Introduction to me
Posted by vesper
7th Oct 2016

Hi I'm Vix. Through out my entire life I have always felt that I am different, and that I didn't belong. I would say that I alays felt different to my friends but the fact is that I have never found making friends easy, and spent much of my childhood on my own, the odd one that no one wanted to play with as they didn't quite get me. Things were a little different at secondary school, but only because a rag tag bunch of people decided that they didn't want me to be lonely anymore and adopted me into their group, promising that I would never slip through the cracks again and be that loner that sits nose in a book in the corner of the playground ever again.
Still I never found it easy to talk to them, make small talk, or join in with social events. If I did I found that mimicking their actions worked, though left me exhausted.
When I hit puberty I started to suffer from mental health problems, I had always been hyperative, but this started swinging from being hyped up one minute, the next in a deep depressive state when the need to hurt myself almost became too much. This carried on through out my twenties, getting worse and worse. And often resulting in me not being able to carry on and taking extreme actions to end things. As I was unable to cope with any strain or stresses, along with other difficulties of being unable to connect with other people. I have some interesting quirks that mean i am unable to read people's expressions and am hugely gullible. As well as unable to cope with loud noises, its like theres too much stimulus.
This year things became too much and I took myself to hospital to talk it through with someone.
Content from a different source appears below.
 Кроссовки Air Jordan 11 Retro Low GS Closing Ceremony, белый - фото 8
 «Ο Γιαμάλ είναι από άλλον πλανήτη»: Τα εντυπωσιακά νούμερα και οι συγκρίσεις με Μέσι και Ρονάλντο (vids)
A request to talk to someone for a hour, became something different. It became a 15 week stay in hospital.

To be quick I ended up being diagnosed with BDP which the Therapist seems to think has developed after trying to cope with High Functioning Aspergers.
I haven't had the confidence to follow up the diagnosis on the Aspergers yet as .... well I am terrified of going to the Doctors to try and discuss it. My mind just won''t accept some things have to be done sometimes. And at present I amstill trying to learn about the BDP diagnosis. So everything is a bit scary right now, at the same time having a diagnosis is good. I had always been diagnosed with depression but knew that didn't feel right, I fnially have a diagnosis that at least feels relavent. But at the moment I am just taking life one step at a time.